Ecole Theoretical Model

The Ecole API directly relates to the different components of an episodic partially-observable Markov decision process (PO-MDP).

Markov decision process

Consider a regular Markov decision process \((\mathcal{S}, \mathcal{A}, p_\textit{init}, p_\textit{trans}, R)\), whose components are

  • a state space \(\mathcal{S}\)

  • an action space \(\mathcal{A}\)

  • an initial state distribution \(p_\textit{init}: \mathcal{S} \to \mathbb{R}_{\geq 0}\)

  • a state transition distribution \(p_\textit{trans}: \mathcal{S} \times \mathcal{A} \times \mathcal{S} \to \mathbb{R}_{\geq 0}\)

  • a reward function \(R: \mathcal{S} \to \mathbb{R}\).

Note

Having deterministic rewards \(r_t = R(s_t)\) is an arbitrary choice here, in order to best fit the Ecole API. It is not restrictive though, as any MDP with stochastic rewards \(r_t \sim p_\textit{reward}(r_t|s_{t-1},a_{t-1},s_{t})\) can be converted into an equivalent MDP with deterministic ones, by considering the reward as part of the state.

Together with an action policy

\[\pi: \mathcal{A} \times \mathcal{S} \to \mathbb{R}_{\geq 0}\]

such that \(a_t \sim \pi(a_t|s_t)\), an MDP can be unrolled to produce state-action trajectories

\[\tau=(s_0,a_0,s_1,\dots)\]

that obey the following joint distribution

\[\tau \sim \underbrace{p_\textit{init}(s_0)}_{\text{initial state}} \prod_{t=0}^\infty \underbrace{\pi(a_t | s_t)}_{\text{next action}} \underbrace{p_\textit{trans}(s_{t+1} | a_t, s_t)}_{\text{next state}} \text{.}\]

MDP control problem

We define the MDP control problem as that of finding a policy \(\pi^\star\) which is optimal with respect to the expected total reward,

(1)\[\pi^\star = \underset{\pi}{\operatorname{arg\,max}} \lim_{T \to \infty} \mathbb{E}_\tau\left[\sum_{t=0}^{T} r_t\right] \text{,}\]

where \(r_t := R(s_t)\).

Note

In the general case this quantity may not be bounded, for example for MDPs corresponding to continuing tasks where episode length may be infinite. In Ecole, we guarantee that all environments correspond to episodic tasks, that is, each episode is guaranteed to end in a terminal state. This can be modeled by introducing a null state \(s_\textit{null}\), such that

  • \(s_\textit{null}\) is absorbing, i.e., \(p_\textit{trans}(s_{t+1}|a_t,s_t=s_\textit{null}) := \delta_{s_\textit{null}}(s_{t+1})\)

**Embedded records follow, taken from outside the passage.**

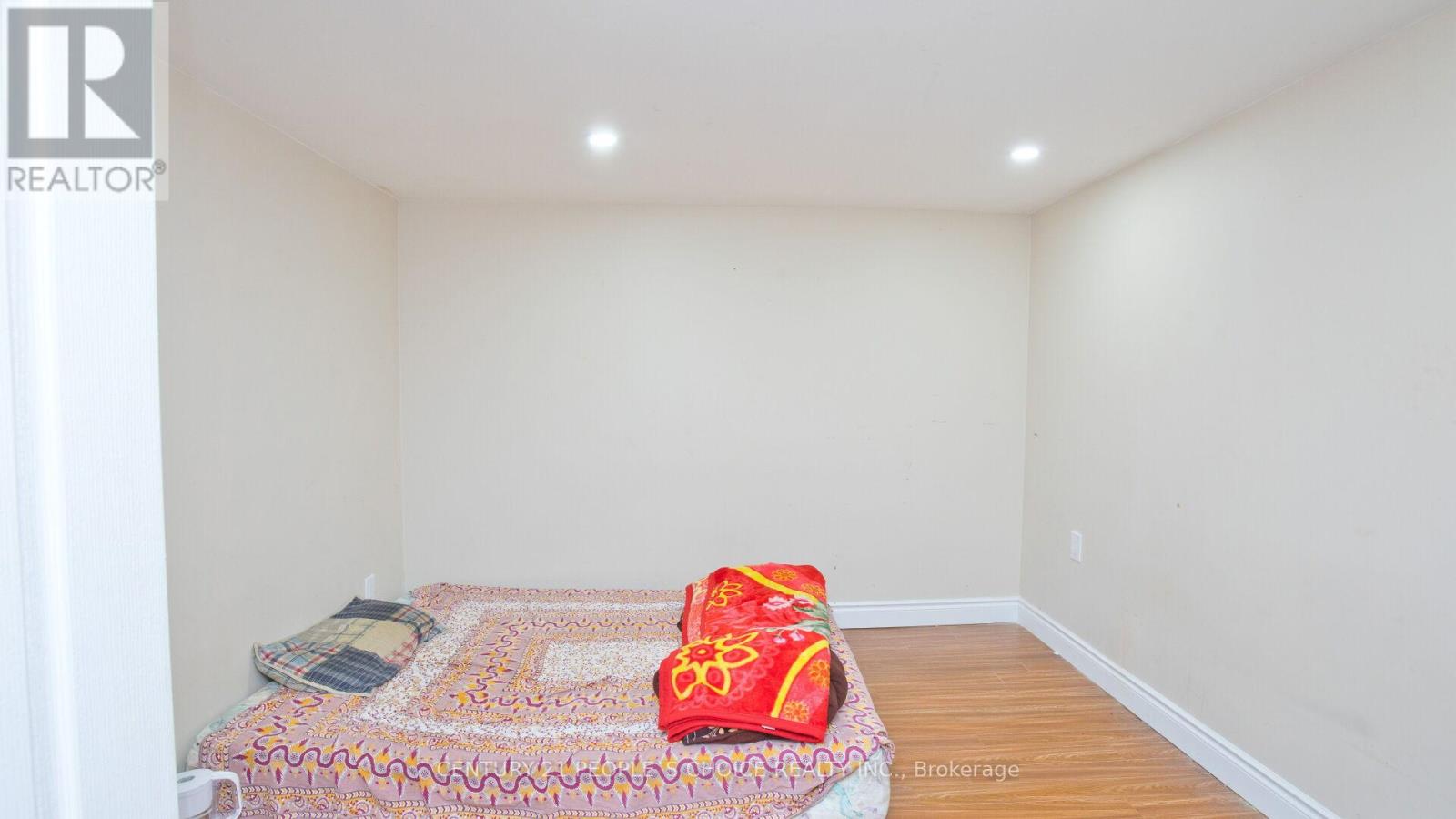 82 Davenport Crescent, Brampton, Ontario  L6T 3L6 - Photo 36 - W12423907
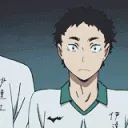 HVCpoint HVCpoint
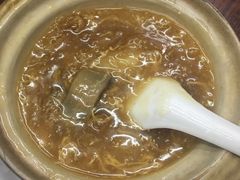 -添發碗仔翅美食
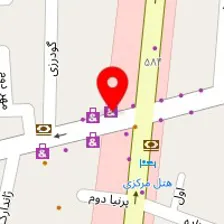 کلید سازی رسولی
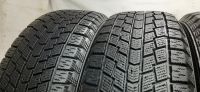 Лот: 20854265. Фото: 2. 225/60R17 99T Hankook Nordik IZ... Шины, Диски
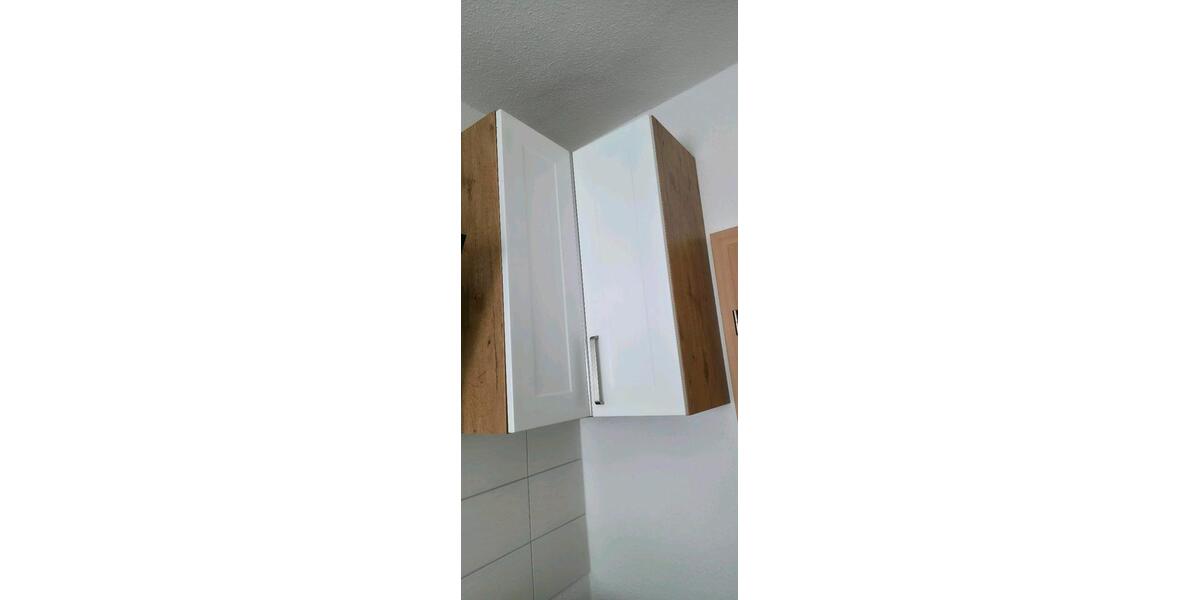 Etagenwohnung Magdeburg Lemsdorf - 3 Zimmer, 66 m&sup2;, 700&euro; | Angebot:27634944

  • \(s_\textit{null}\) yields no reward, i.e., \(R(s_\textit{null}) := 0\)

  • a state \(s\) is terminal \(\iff\) it transitions into the null state with probability one, i.e., \(p_\textit{trans}(s_{t+1}|a_t,s_t=s) := \delta_{s_\textit{null}}(s_{t+1})\)

As such, all actions and states encountered after a terminal state can be safely ignored in the MDP control problem.

Partially-observable Markov decision process

In the PO-MDP setting, complete information about the current MDP state is not necessarily available to the decision-maker. Instead, at each step only a partial observation \(o \in \Omega\) is made available, which can be seen as the result of applying an observation function \(O: \mathcal{S} \to \Omega\) to the current state. As such, a PO-MDP consists of a tuple \((\mathcal{S}, \mathcal{A}, p_\textit{init}, p_\textit{trans}, R, O)\).

Note

Similarly to having deterministic rewards, having deterministic observations is an arbitrary choice here, but is not restrictive.

As a result, PO-MDP trajectories take the form

\[\tau=(o_0,r_0,a_0,o_1\dots) \text{,}\]

where \(o_t:= O(s_t)\) and \(r_t:=R(s_t)\) are respectively the observation and the reward collected at time step \(t\).

Let us now introduce a convenience variable \(h_t:=(o_0,r_0,a_0,\dots,o_t,r_t)\in\mathcal{H}\) that represents the PO-MDP history at time step \(t\). Due to the non-Markovian nature of the trajectories, that is,

\[o_{t+1},r_{t+1} \mathop{\rlap{\perp}\mkern2mu{\not\perp}} h_{t-1} \mid o_t,r_t,a_t \text{,}\]

the decision-maker must take into account the whole history of observations, rewards and actions in order to decide on an optimal action at current time step \(t\). PO-MDP policies then take the form

\[\pi:\mathcal{A} \times \mathcal{H} \to \mathbb{R}_{\geq 0}\]

such that \(a_t \sim \pi(a_t|h_t)\).

PO-MDP control problem

The PO-MDP control problem can then be written identically to the MDP one,

(2)\[\pi^\star = \underset{\pi}{\operatorname{arg\,max}} \lim_{T \to \infty} \mathbb{E}_\tau\left[\sum_{t=0}^{T} r_t\right] \text{.}\]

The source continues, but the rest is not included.